There are many reasons why I’m not going to see Ender’s Game. Orson Scott Card’s homophobia; I don’t care for science-fiction; Orson Scott Card advocates government overthrow; no actors I care about; Orson Scott Card plays the victim; there are way better movies opening and in theaters already; Orson Scott Card, as a producer stands to make money from Ender’s Game, and if the film does well, from subsequent sequels and merchandising.

KSL anchor and reporter Carole Mikita on the “Deseret News Sunday Edition” interviewed Card this past weekend, and the author went for the victim move with a neener-neenr combo:

The only reason I’m being attacked for it is because ‘Ender’s Game’ is coming out as a movie, so that was something that was going to get a lot of publicity for the people attacking. I’ve had no criticism…

I’ve had savage, lying, deceptive personal attacks, but no actual criticism because they’ve never addressed any of my actual ideas. Character assassination seems to be the only political method that is in use today, and I don’t play that game, and you can’t defend against it. All you can do is try to offer ideas, and for those who want to listen to ideas, great. For those who simply want to punish you for not falling in line with their dogmas, there’s really not much you can do about it…

Actually Card, who was on the National Organization for Marriage’s board of directors, wanted to punish people who didn’t fall in line with his dogma, and he has been personal in his attacks. Via The Daily Dot:

1990: Card argued that states should keep sodomy laws on the books in order to punish unruly gays–presumably implying that the fear of breaking the law ought to keep most gay men in the closet where they belonged.

2004:  He claimed that most homosexuals are the self-loathing victims of child abuse, who became gay “through a disturbing seduction or rape or molestation or abuse.”

2008: Card published his most controversial anti-gay screed yet, in the Mormon Times, where he argued that gay marriage “marks the end of democracy in America,” that homosexuality was a “tragic genetic mixup,” and that allowing courts to redefine marriage was a slippery slope towards total homosexual political rule and the classifying of anyone who disagreed as “mentally ill.”

2009: He joined the board for anti-gay lobby The National Organization for Marriage, which was created to pass California’s notorious Proposition 8, banning gay marriage.

2012: He supported his home state North Carolina’s constitutional amendment to ban gay marriage by arguing that gay marriage “will be the bludgeon [The Left] use to make sure that it becomes illegal to teach traditional values in the schools.

And let’s not forget Card’s call to arms against the US Government:

Because when government is the enemy of marriage, then the people who are actually creating successful marriages have no choice but to change governments, by whatever means is made possible or necessary… Regardless of law, marriage has only one definition, and any government that attempts to change it is my mortal enemy.
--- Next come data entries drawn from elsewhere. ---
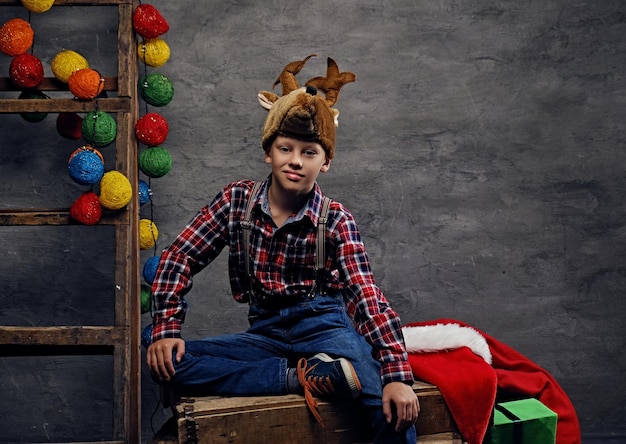 Adolescente vestido con una camisa a cuadros y un sombrero con cuerno de ciervo posando sobre un fondo decorado de Navidad.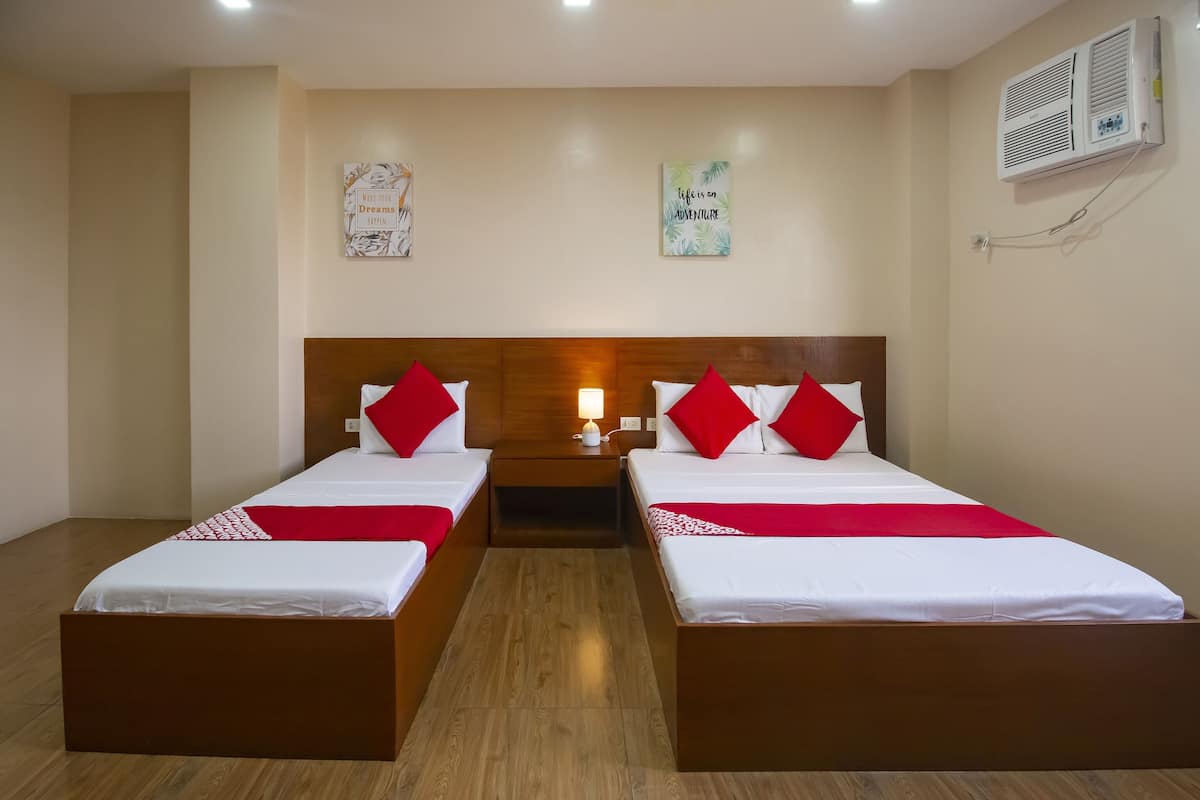 A hotel room with two beds, wooden headboards, red pillows, a bedside table with a lamp, and a wall-mounted air conditioner.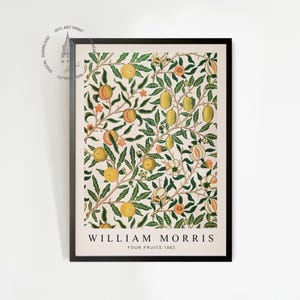 May include: A vintage botanical print featuring a repeating pattern of green leaves, pink flowers, and yellow and orange fruits. The print is framed in black and has the text "William Morris Four Fruits 1863" at the bottom.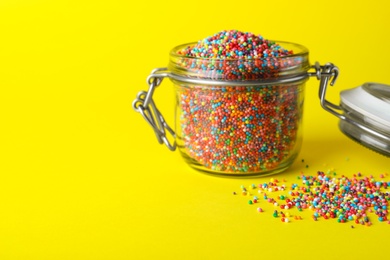 Colorful sprinkles in jar on yellow background, space for text. Confectionery decor
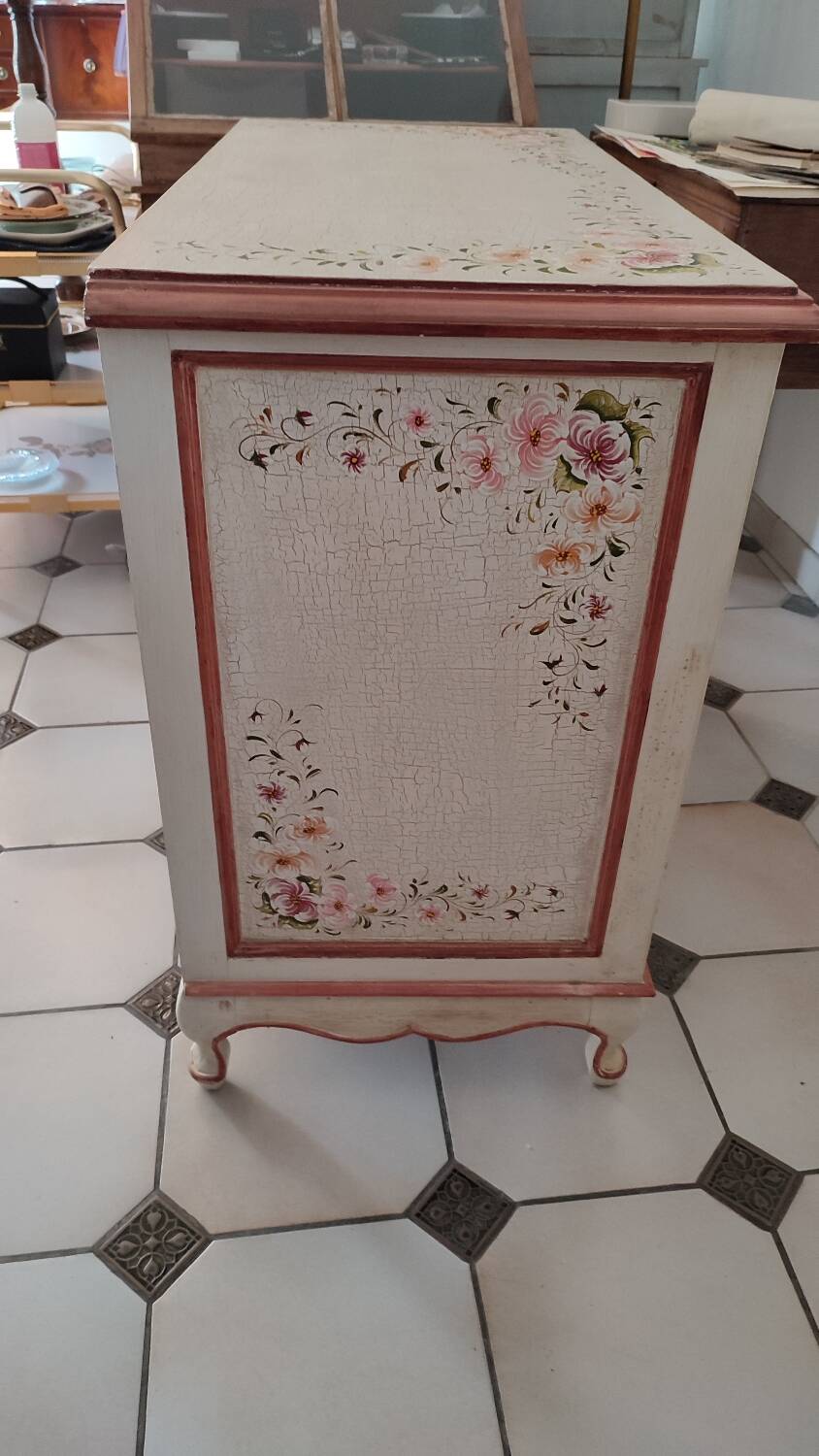 Painted chest of drawers with floral decoration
I will act to destroy that government and bring it down.

But they key, in his interview, excerpted in the Deseret Times is this:

[The criticism] won’t affect my work. Will it affect the reception of my work? Of course, but not in ways that they expect. My sales go up with such attacks.

So let’s join in solidarity and be the allies we would want to have, supporting the LGBT community, especially those in states still working for marriage equality, by boycotting Ender’s Game, and prove Orson Scott Card wrong, as the sales figures for Ender’s Game tickets go down.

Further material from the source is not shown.